> **GIVEN ENTRIES**:
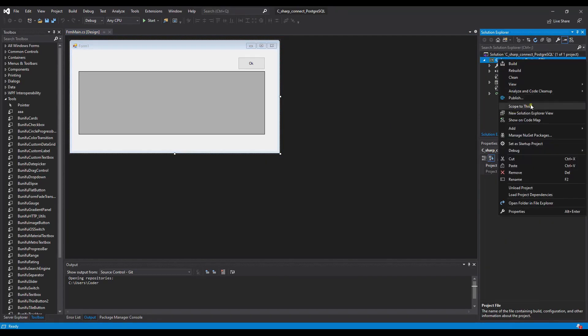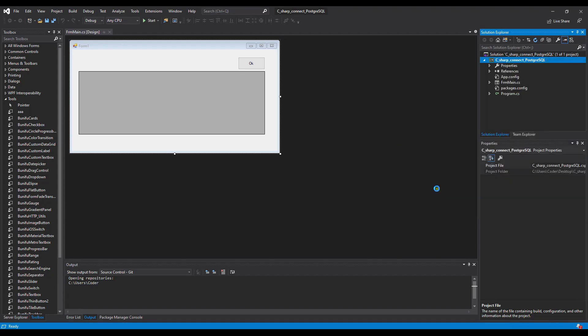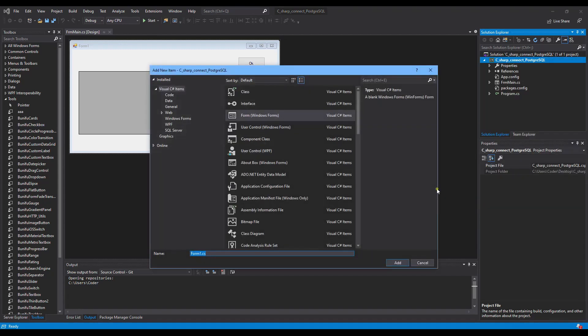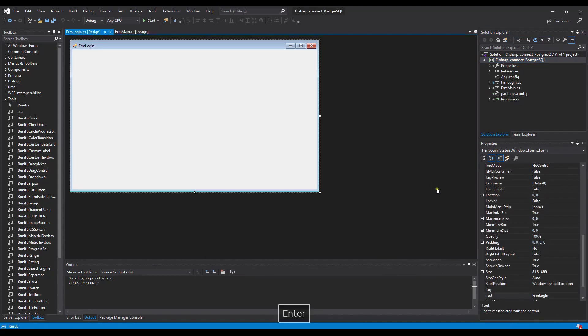We create a new form. Put the name in the form login. And then, let's start step by step to design.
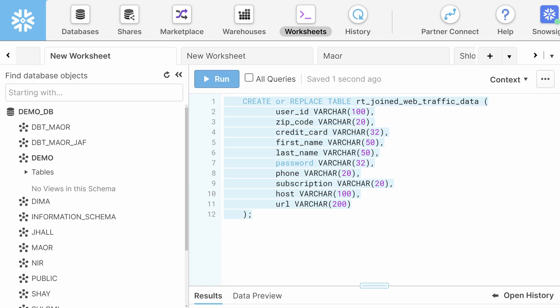We need to go to our Snowflake environment for our next SQL query. With this query, we create a table in Snowflake where Upsolver inserts the data. You'll notice that this table create matches the staging table definition in Upsolver.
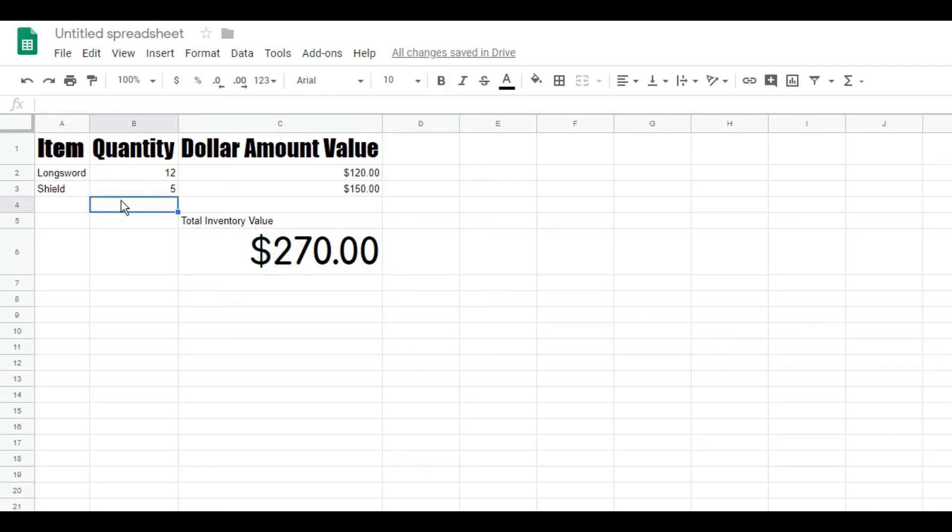And so this is in the cloud, you can share with anybody you want, so super useful. I hope that's how you make an inventory sheet inside of Google Sheets. I hope this is helpful for you and thank you for watching.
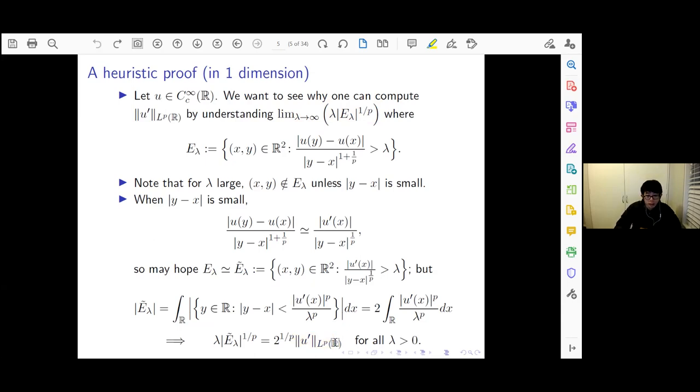So if you believe that Ω_λ and this modified set have roughly the same measure, then it's plausible that as lambda → ∞ the approximation gets better and better, and in the limit you recover something proportional to ‖u′‖_{L^p}. This heuristic calculation suggests that the formula is plausible and also explains why one needs to take lambda to infinity.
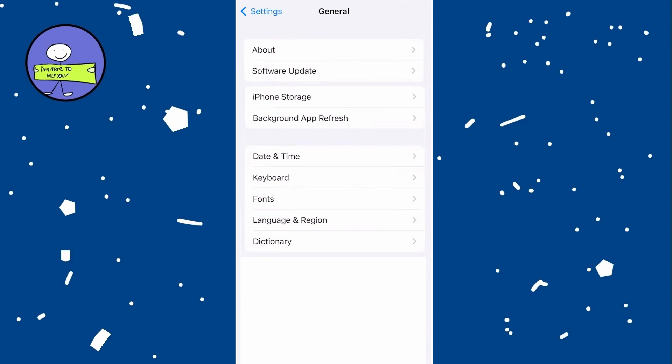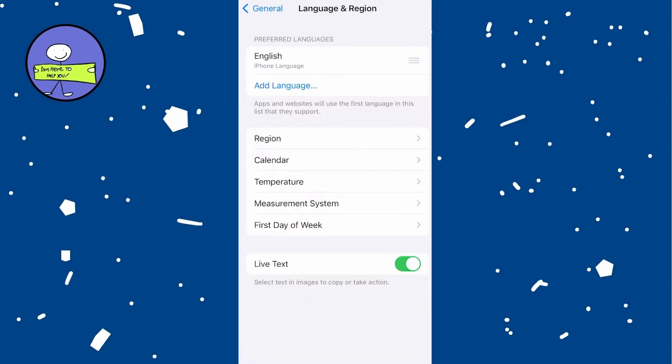Scroll down and tap on General option. Towards the bottom, tap on Language and Region. You will see Region midway down — tap on it.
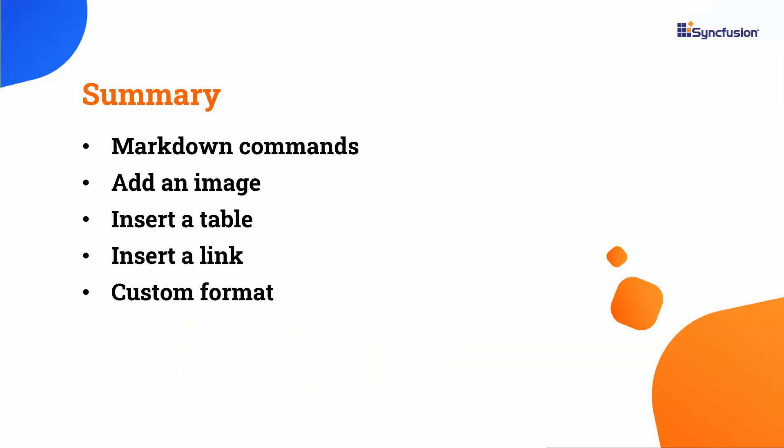In this video, I showed you how to use the markdown editor in the Blazor Rich Text Editor component. You also saw how to implement live markdown previews and various commands like insert table, image, and link. I also showed you custom formatting in markdown syntax.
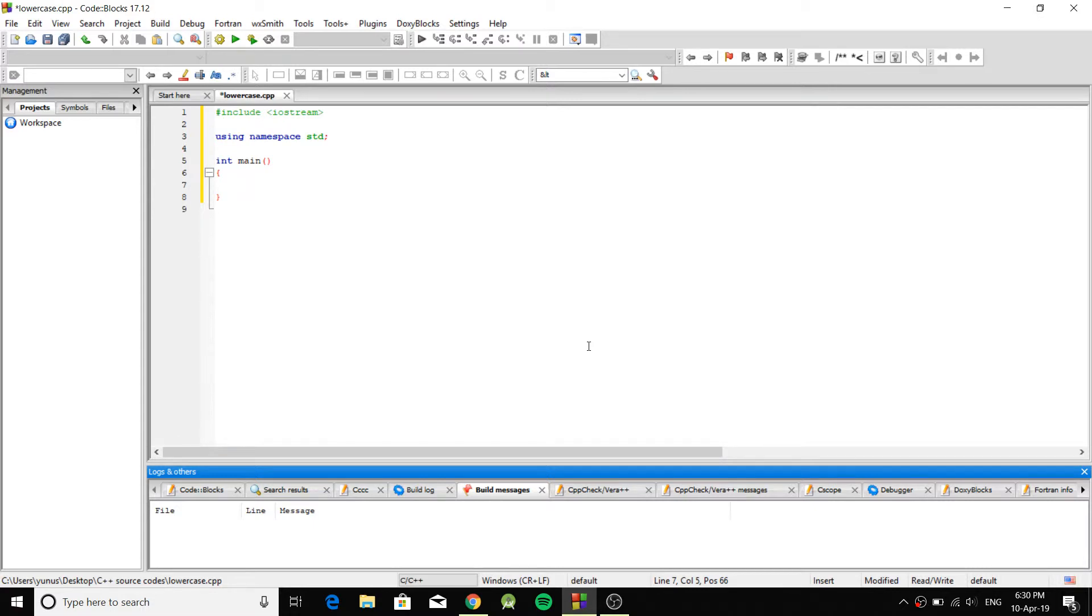Hey, what's up? This is Yunus and in this video I'm going to show you how to lowercase a string in C++.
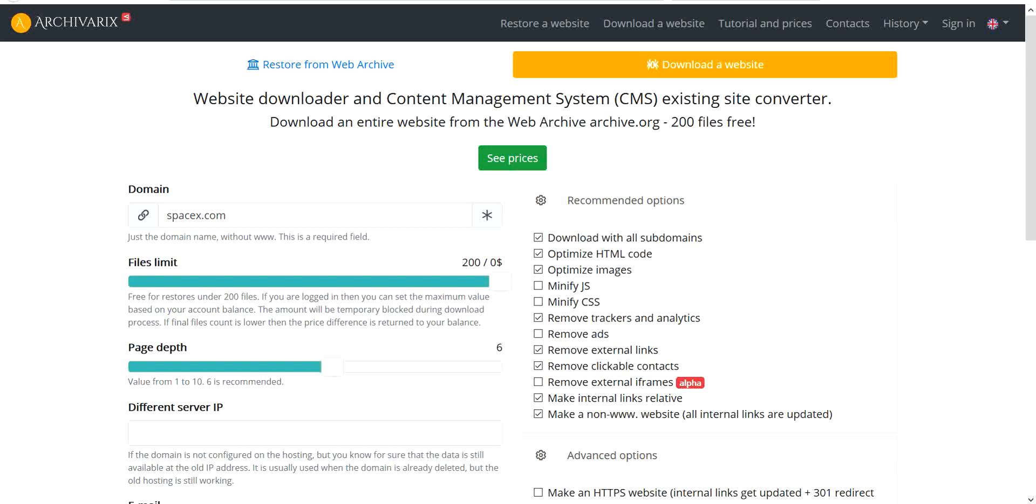I will show you how to download a website using Archivorex system. Here is a domain name, here is files limit.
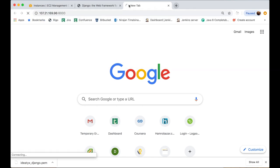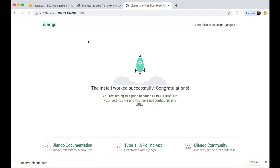We have successfully accessed the Django application running on the AWS EC2 instance. If you have any feedback or comments, please leave them in the comments on this YouTube channel, or message us directly — the link to our Facebook channel and account is in the description. You can also suggest content for our next videos. That's it for today — goodbye and take care.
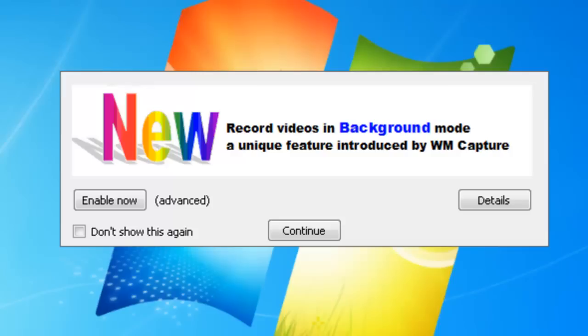You can set up WM Capture the way you always did, get the same beautiful quality that you always did, but now you can put other windows over the window you're screen capturing. You can actually even hide the window you're screen capturing.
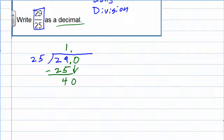25 goes into 40 once. 1 times 25 is 25. We do our subtraction again — this time we get 15, and we still have a remainder.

> **TASK GOAL**:
With pictures omitted, restate word for word every line above from the one containing "You can set" to the end of the entries.

> **FINAL ANSWER**:
You can set up WM Capture the way you always did, get the same beautiful quality that you always did, but now you can put other windows over the window you're screen capturing. You can actually even hide the window you're screen capturing.
25 goes into 40 once. 1 times 25 is 25. We do our subtraction again — this time we get 15, and we still have a remainder.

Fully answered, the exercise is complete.